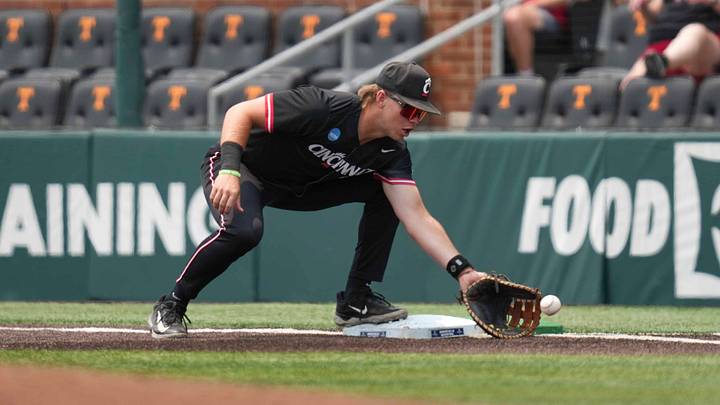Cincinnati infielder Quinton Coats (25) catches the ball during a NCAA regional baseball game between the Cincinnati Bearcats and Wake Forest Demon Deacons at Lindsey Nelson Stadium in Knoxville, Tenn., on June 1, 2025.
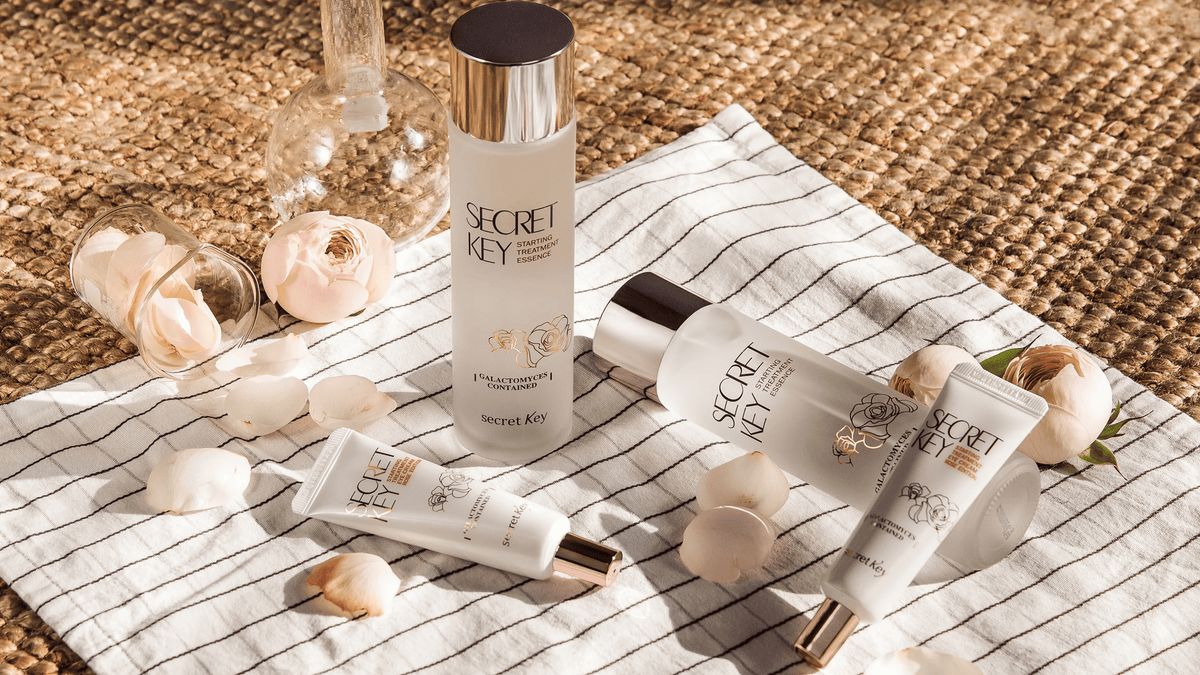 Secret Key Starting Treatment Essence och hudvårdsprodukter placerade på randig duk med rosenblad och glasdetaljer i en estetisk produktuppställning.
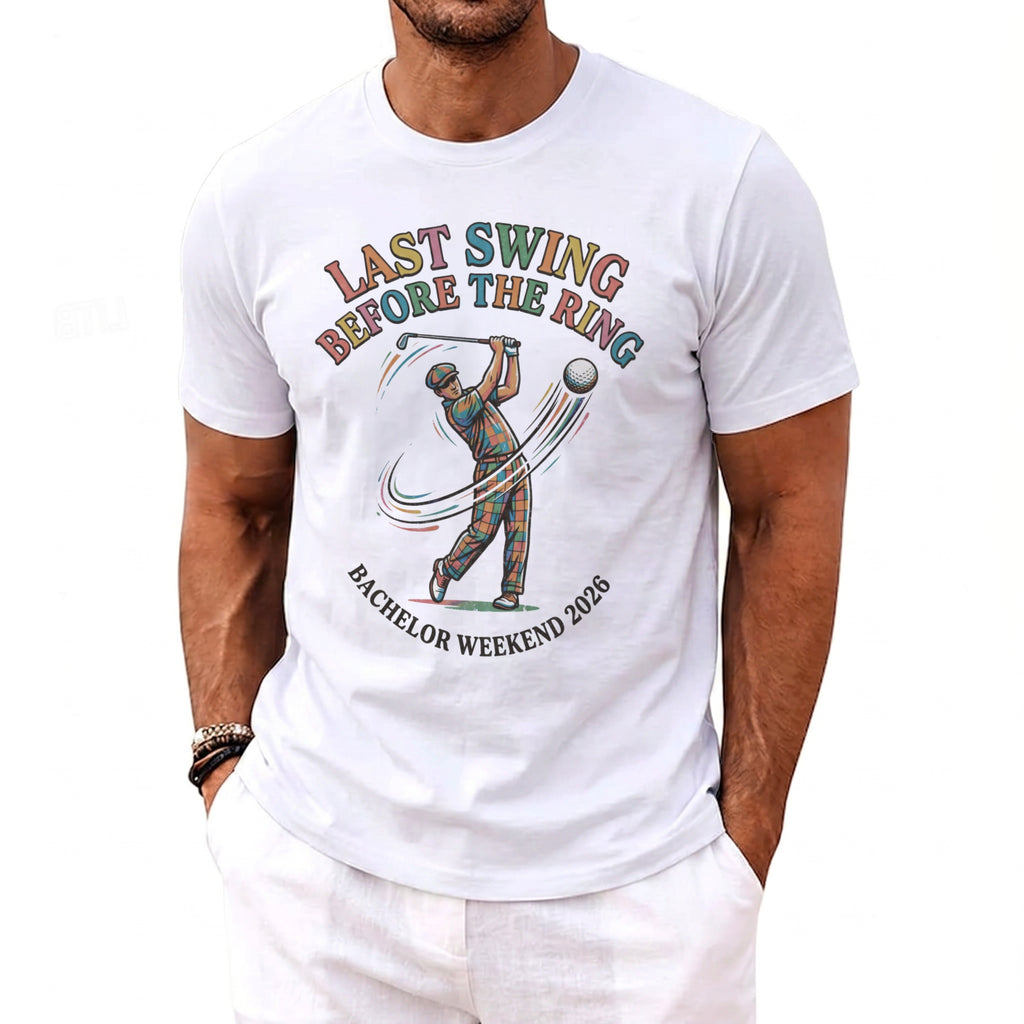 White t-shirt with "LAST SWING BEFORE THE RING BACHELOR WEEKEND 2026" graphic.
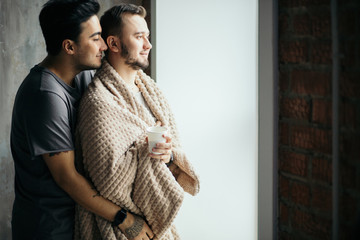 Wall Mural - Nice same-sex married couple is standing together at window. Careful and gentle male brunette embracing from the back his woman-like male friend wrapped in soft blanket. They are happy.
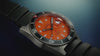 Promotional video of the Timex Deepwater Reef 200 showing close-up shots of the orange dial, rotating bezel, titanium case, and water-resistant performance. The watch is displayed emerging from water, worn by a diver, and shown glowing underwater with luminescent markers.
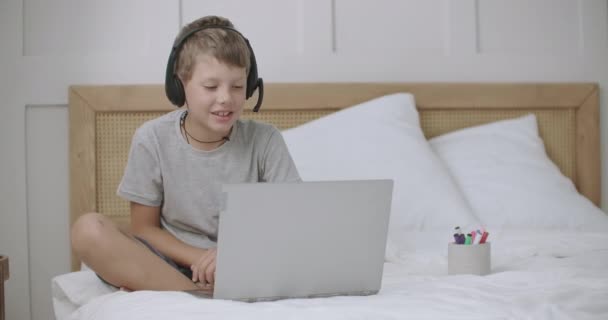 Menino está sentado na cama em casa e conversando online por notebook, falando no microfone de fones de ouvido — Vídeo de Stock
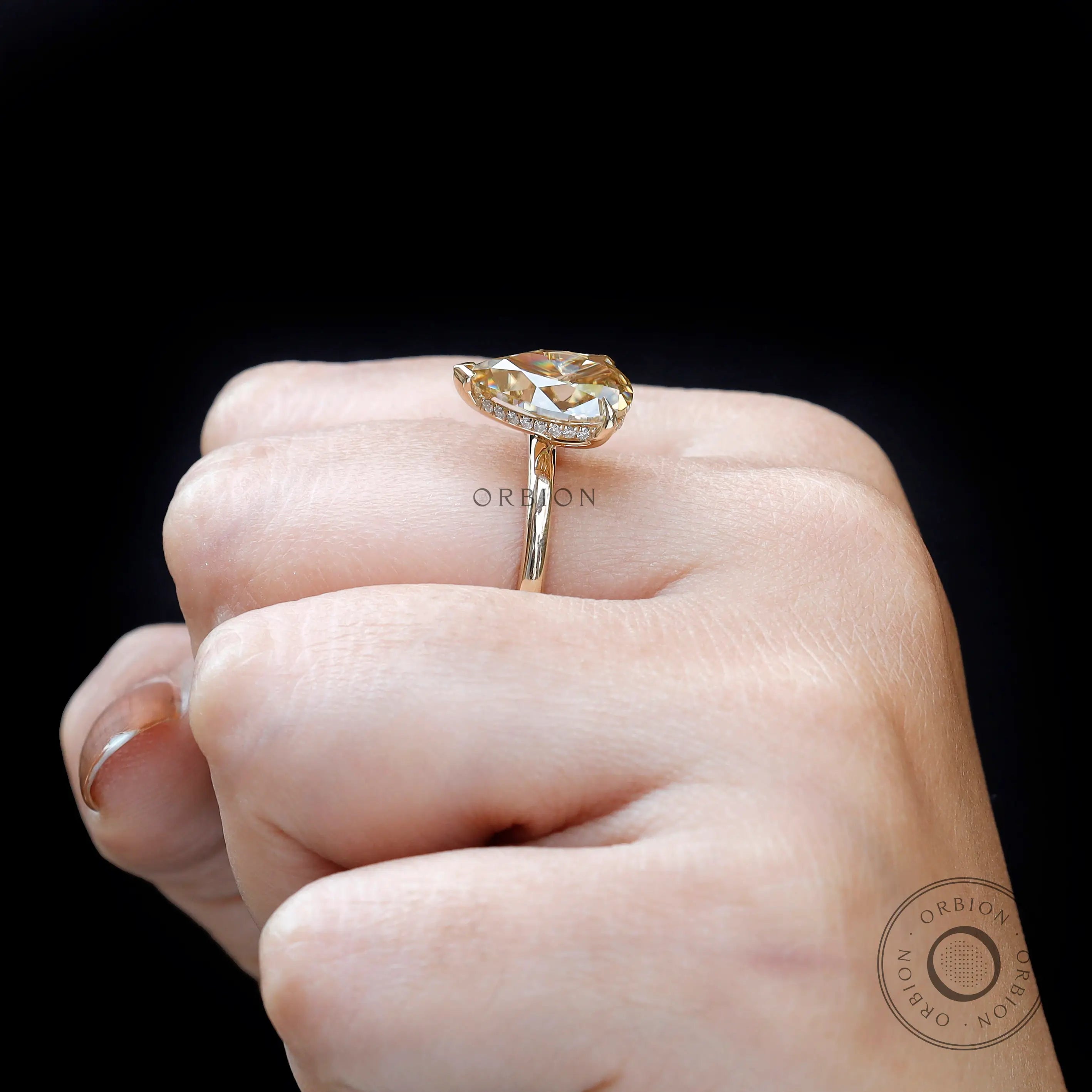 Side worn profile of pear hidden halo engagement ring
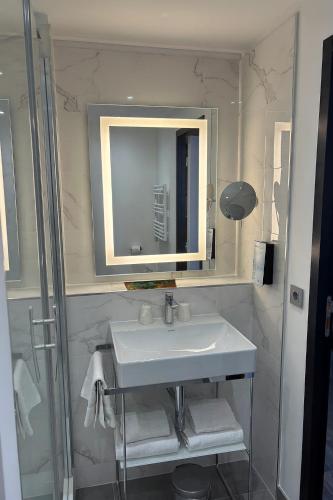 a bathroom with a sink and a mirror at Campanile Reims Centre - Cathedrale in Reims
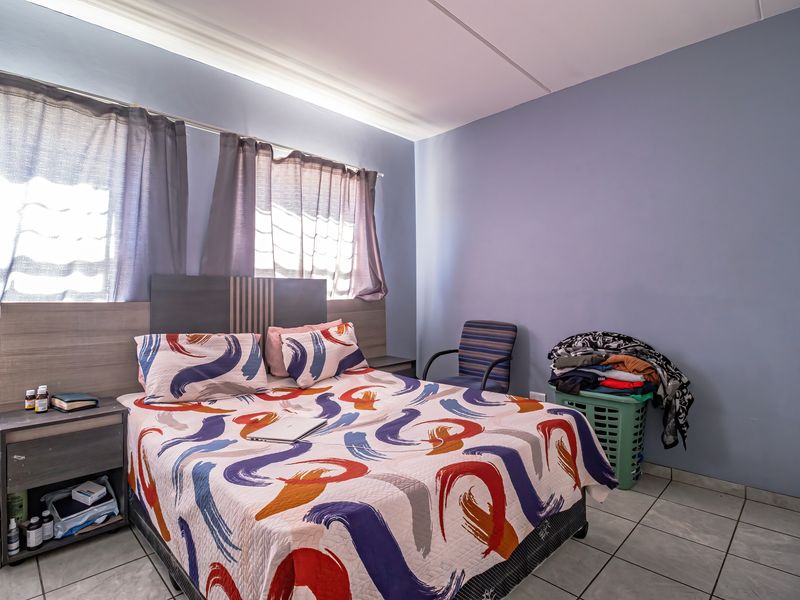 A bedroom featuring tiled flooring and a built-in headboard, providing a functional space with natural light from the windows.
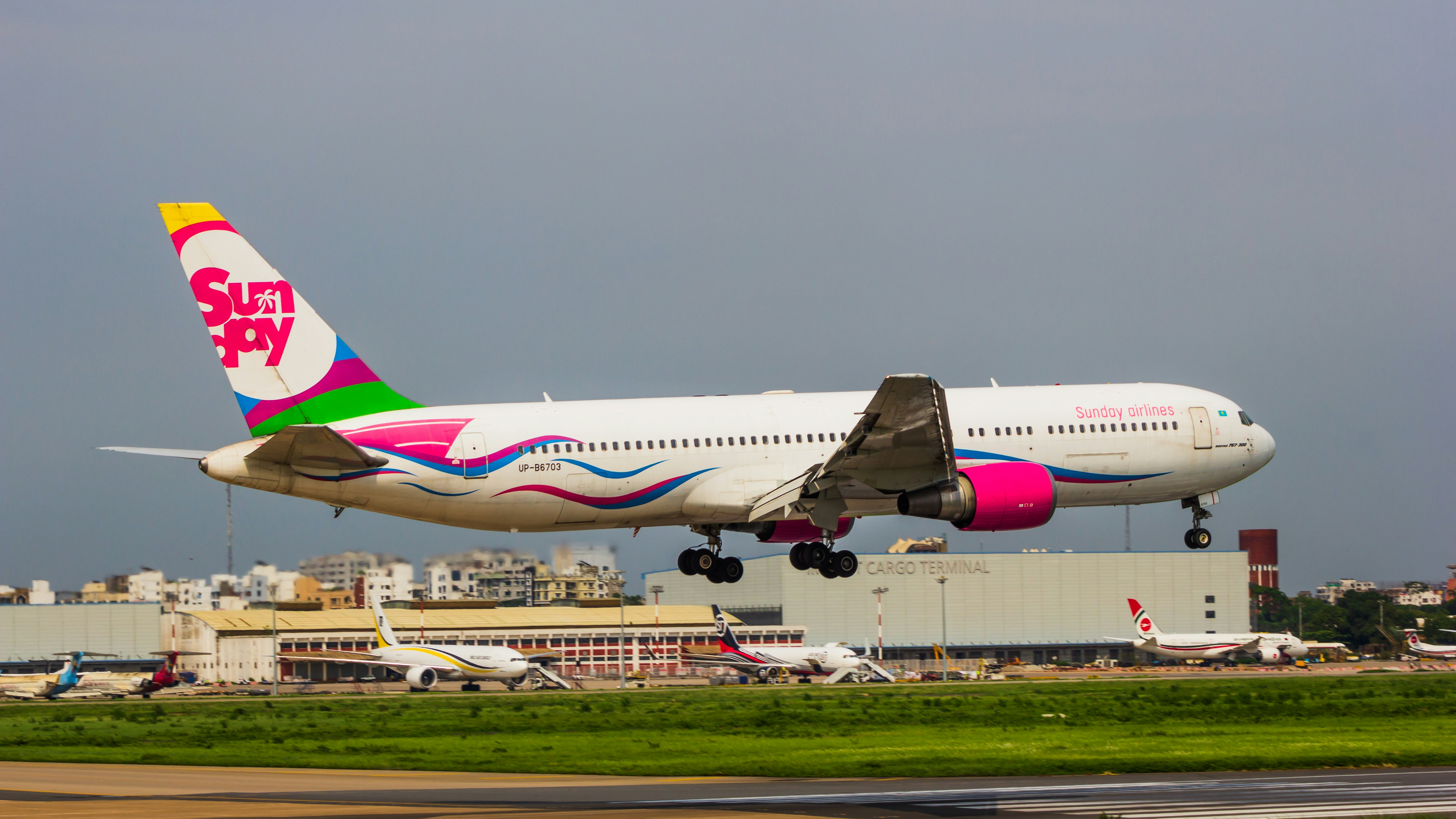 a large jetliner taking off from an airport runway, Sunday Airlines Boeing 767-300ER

====================

### Task goal
Please output every entry above exactly, without the pictures.

### Solution to this task
Cincinnati infielder Quinton Coats (25) catches the ball during a NCAA regional baseball game between the Cincinnati Bearcats and Wake Forest Demon Deacons at Lindsey Nelson Stadium in Knoxville, Tenn., on June 1, 2025.
 Secret Key Starting Treatment Essence och hudvårdsprodukter placerade på randig duk med rosenblad och glasdetaljer i en estetisk produktuppställning.
 White t-shirt with "LAST SWING BEFORE THE RING BACHELOR WEEKEND 2026" graphic.
 Wall Mural - Nice same-sex married couple is standing together at window. Careful and gentle male brunette embracing from the back his woman-like male friend wrapped in soft blanket. They are happy.
 Promotional video of the Timex Deepwater Reef 200 showing close-up shots of the orange dial, rotating bezel, titanium case, and water-resistant performance. The watch is displayed emerging from water, worn by a diver, and shown glowing underwater with luminescent markers.
 Menino está sentado na cama em casa e conversando online por notebook, falando no microfone de fones de ouvido — Vídeo de Stock
 Side worn profile of pear hidden halo engagement ring
 a bathroom with a sink and a mirror at Campanile Reims Centre - Cathedrale in Reims
 A bedroom featuring tiled flooring and a built-in headboard, providing a functional space with natural light from the windows.
 a large jetliner taking off from an airport runway, Sunday Airlines Boeing 767-300ER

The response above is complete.